Material supplied -
++++++

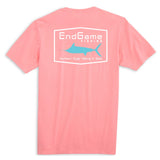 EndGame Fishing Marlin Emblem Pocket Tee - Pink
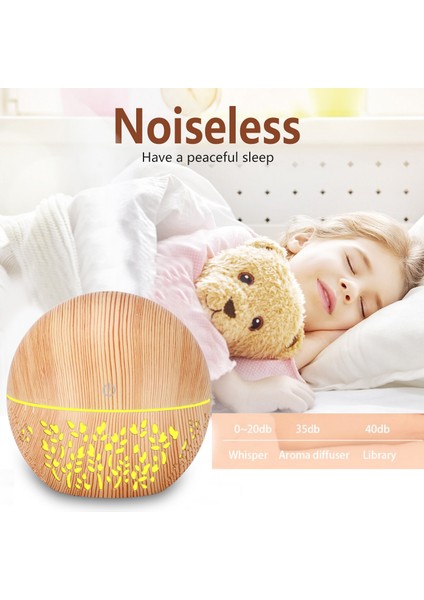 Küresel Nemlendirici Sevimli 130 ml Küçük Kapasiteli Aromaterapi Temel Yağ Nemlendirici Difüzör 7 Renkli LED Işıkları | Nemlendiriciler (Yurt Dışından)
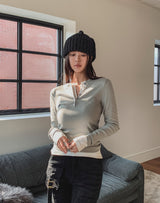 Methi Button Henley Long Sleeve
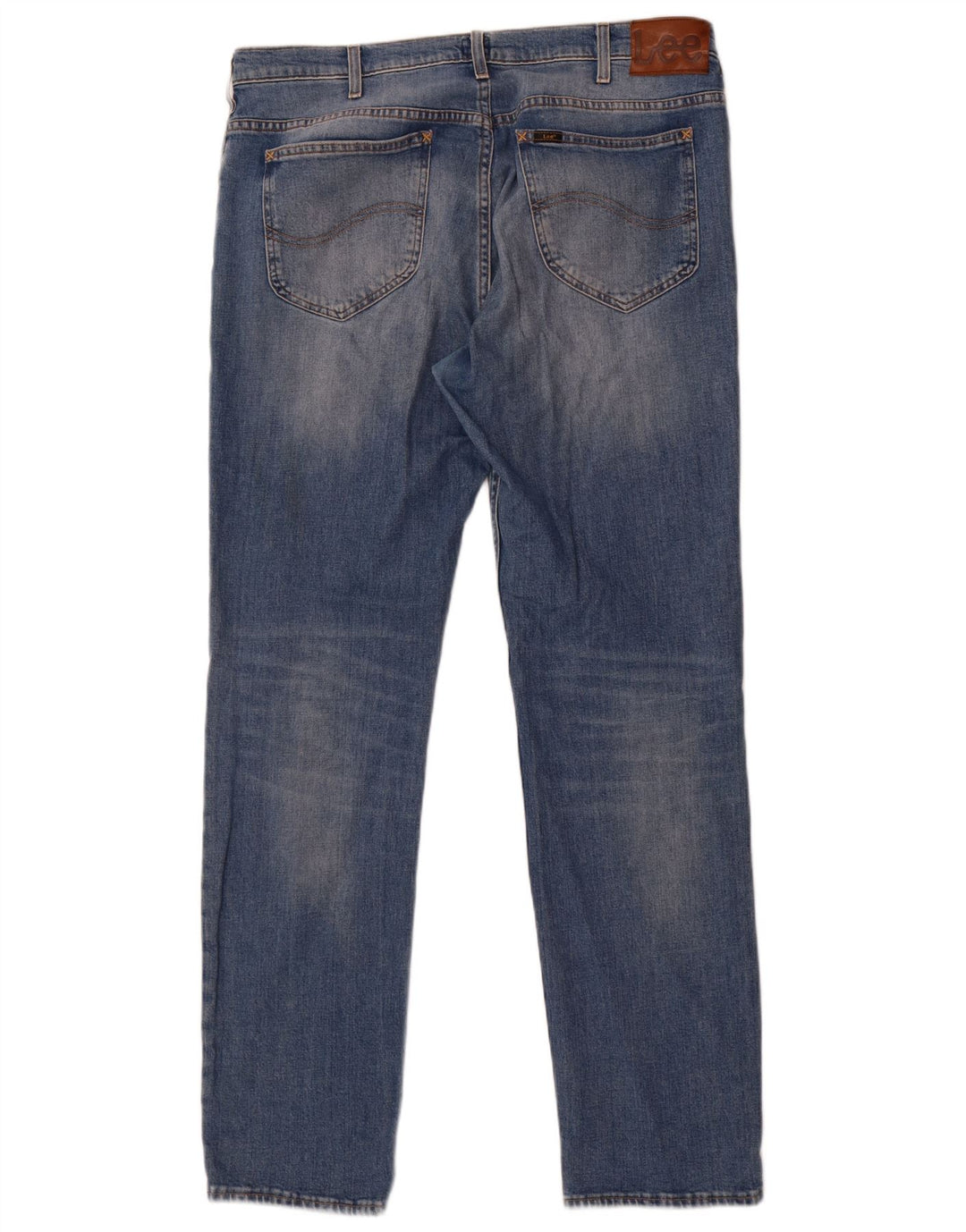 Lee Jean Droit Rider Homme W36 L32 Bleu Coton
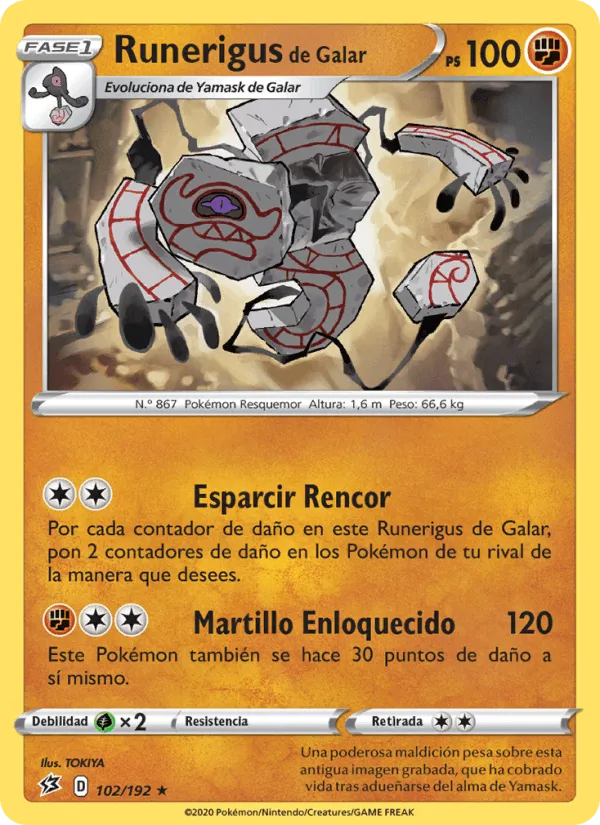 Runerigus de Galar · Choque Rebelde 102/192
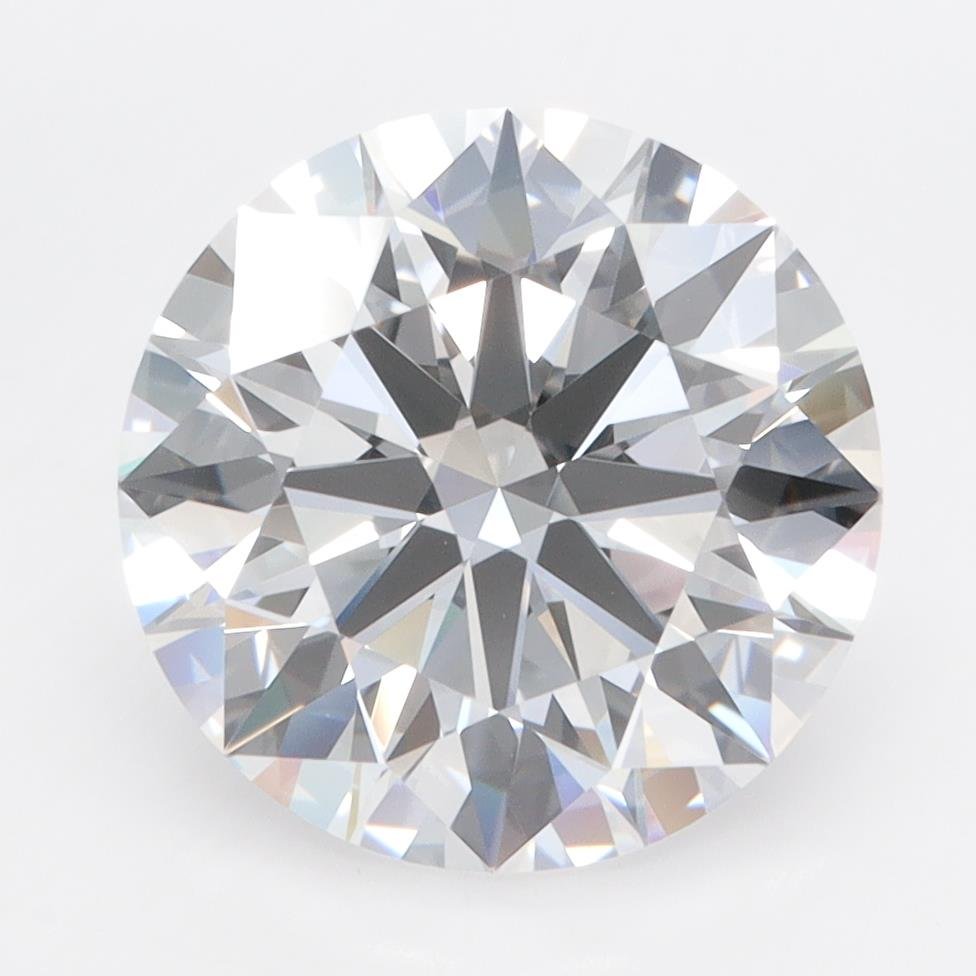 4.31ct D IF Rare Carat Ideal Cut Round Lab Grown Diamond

++++++

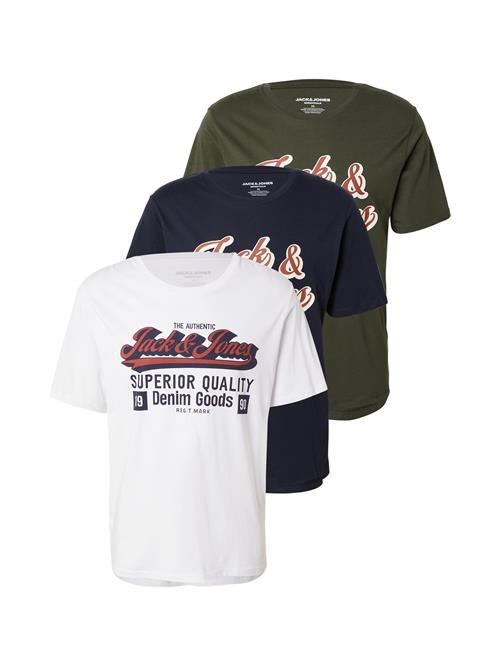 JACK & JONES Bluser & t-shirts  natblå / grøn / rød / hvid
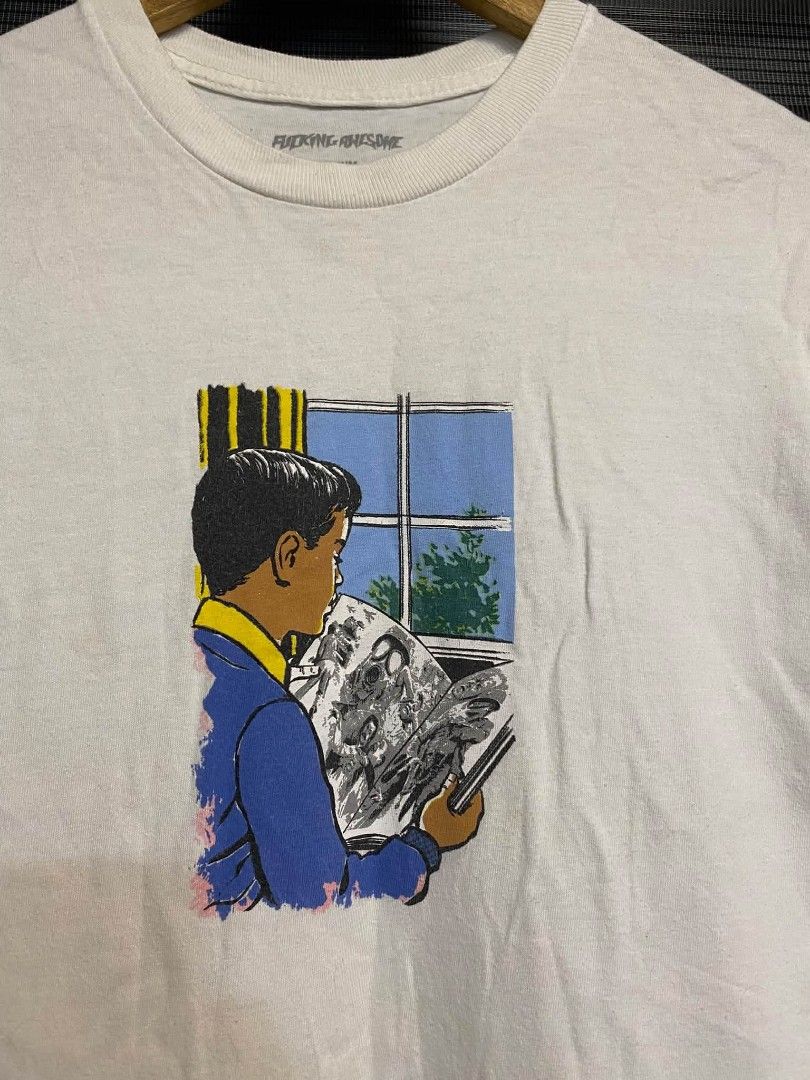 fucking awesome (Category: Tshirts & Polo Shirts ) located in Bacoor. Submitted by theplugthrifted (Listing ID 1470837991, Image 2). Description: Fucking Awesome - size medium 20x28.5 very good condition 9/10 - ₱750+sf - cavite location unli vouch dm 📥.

++++++

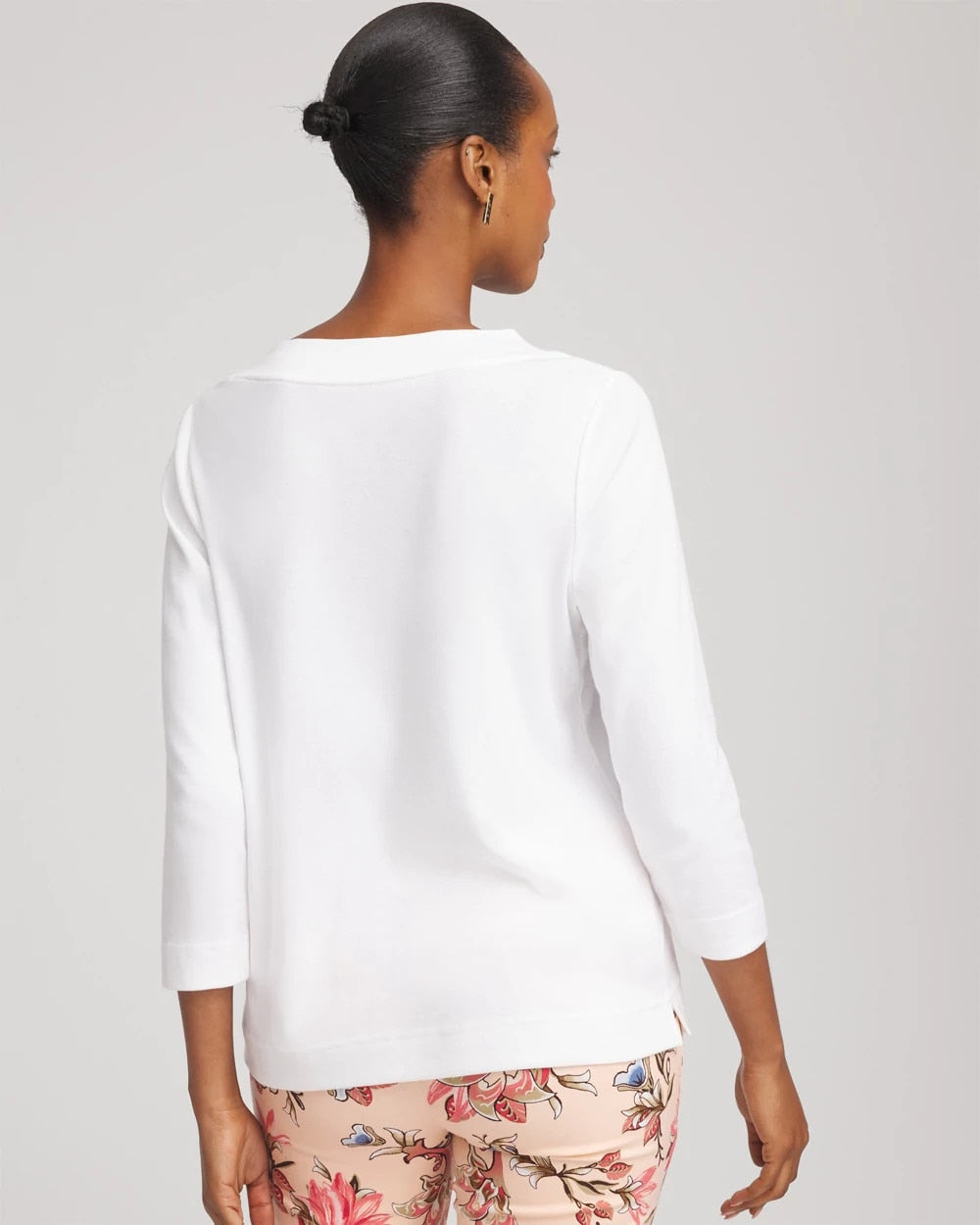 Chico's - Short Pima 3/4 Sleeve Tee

++++++

In the records above, everything from the line with "Küresel Nemlendirici Sevimli" down to the line with "4.31ct D IF" is to be set down exactly, both ends included, with no pictures and no other lines.

Problem solution -
 Küresel Nemlendirici Sevimli 130 ml Küçük Kapasiteli Aromaterapi Temel Yağ Nemlendirici Difüzör 7 Renkli LED Işıkları | Nemlendiriciler (Yurt Dışından)
 Methi Button Henley Long Sleeve
 Lee Jean Droit Rider Homme W36 L32 Bleu Coton
 Runerigus de Galar · Choque Rebelde 102/192
 4.31ct D IF Rare Carat Ideal Cut Round Lab Grown Diamond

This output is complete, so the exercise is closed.